(Collected data)
____
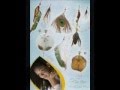 coleção da mata 2008 video mm.wmv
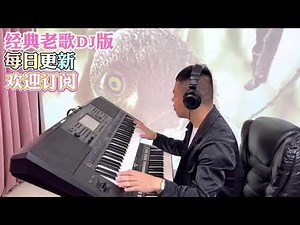 经典老歌DJ版【电子琴演奏】keyboard music
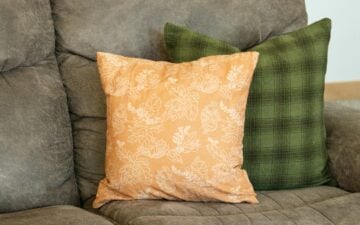 two pillows on a couch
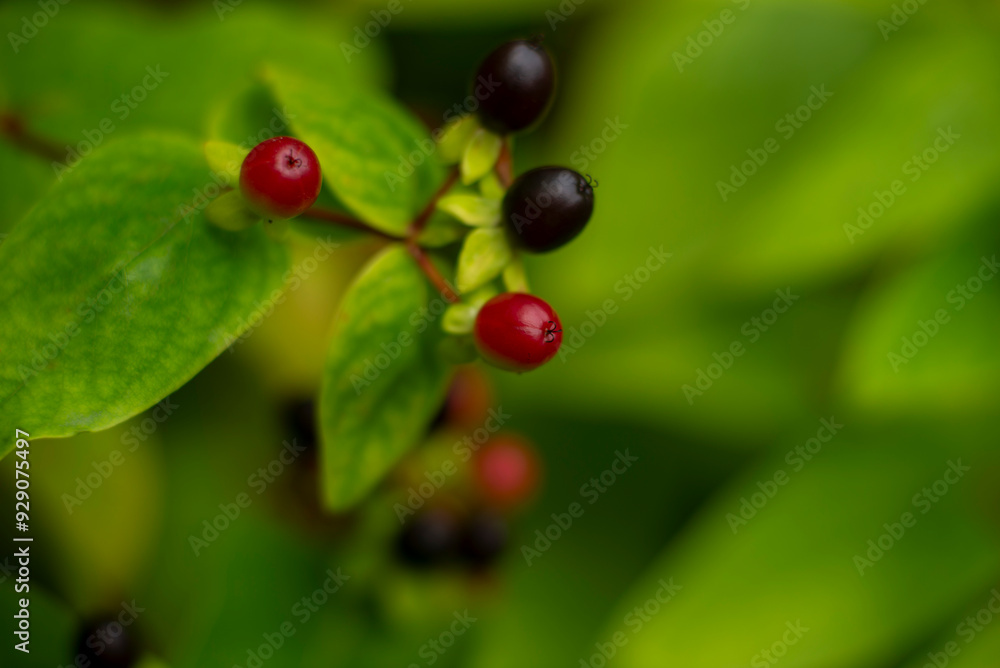 Close-Up of Red and Black Berries on Green Leafy Branch in Natural Setting Close-Up of Red and Black Berries on Green Leafy Branch in Natural Setting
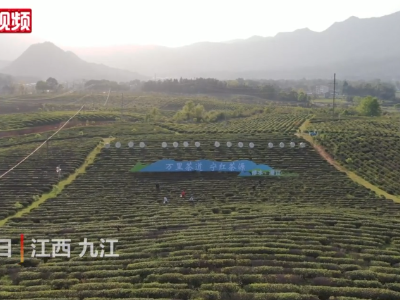 江西修水千亩宁红茶飘香 茶农采摘忙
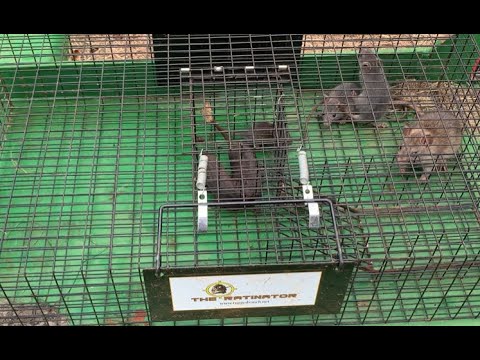 The Ratinator - REVIEW - Read Desc AnD LiKe AnD sUbScRiBe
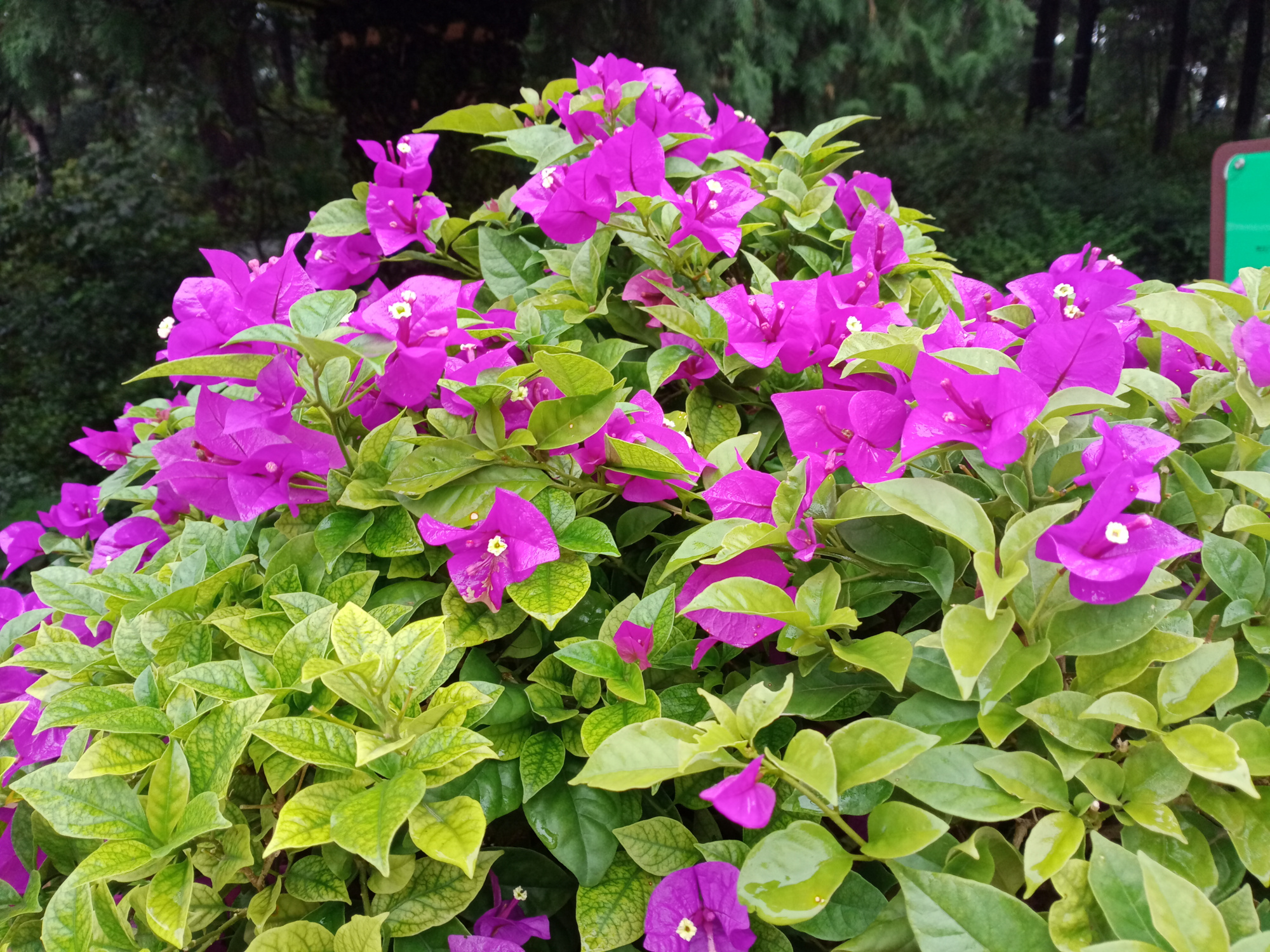 叶子花,叶子摇身变为红色苞片像花瓣守护中间很细小的真花朵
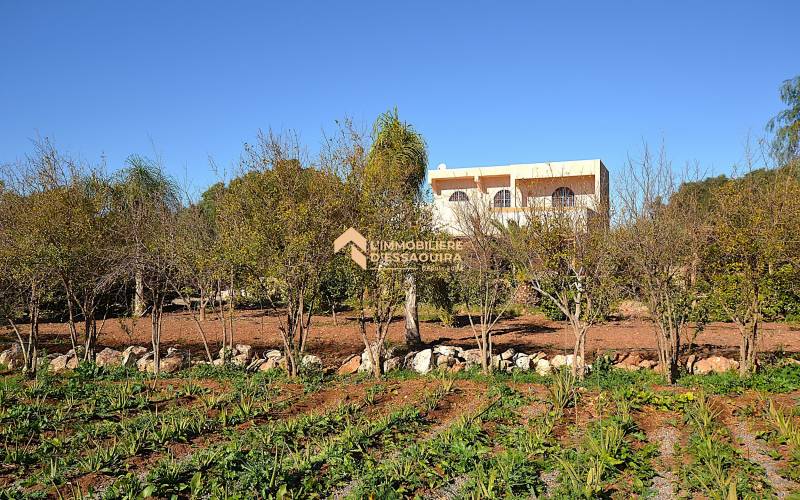 Villa Had Dra_VNA (44)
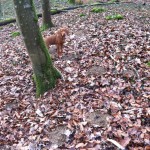 Magyar Vizsla Hunting Dog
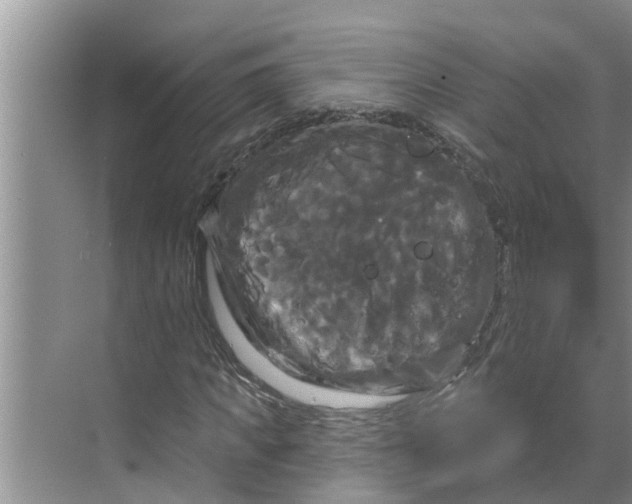 X0000068770917200605121657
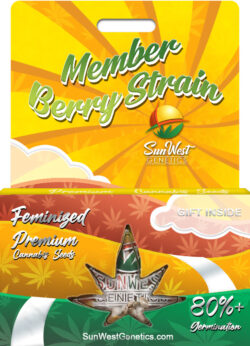 Member Berry Strain Feminized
____
**YOUR INSTRUCTIONS:** Print the records above word for word, omitting any picture they contain.

**TASK RESULT:**
 coleção da mata 2008 video mm.wmv
 经典老歌DJ版【电子琴演奏】keyboard music
 two pillows on a couch
 Close-Up of Red and Black Berries on Green Leafy Branch in Natural Setting Close-Up of Red and Black Berries on Green Leafy Branch in Natural Setting
 江西修水千亩宁红茶飘香 茶农采摘忙
 The Ratinator - REVIEW - Read Desc AnD LiKe AnD sUbScRiBe
 叶子花,叶子摇身变为红色苞片像花瓣守护中间很细小的真花朵
 Villa Had Dra_VNA (44)
 Magyar Vizsla Hunting Dog
 X0000068770917200605121657
 Member Berry Strain Feminized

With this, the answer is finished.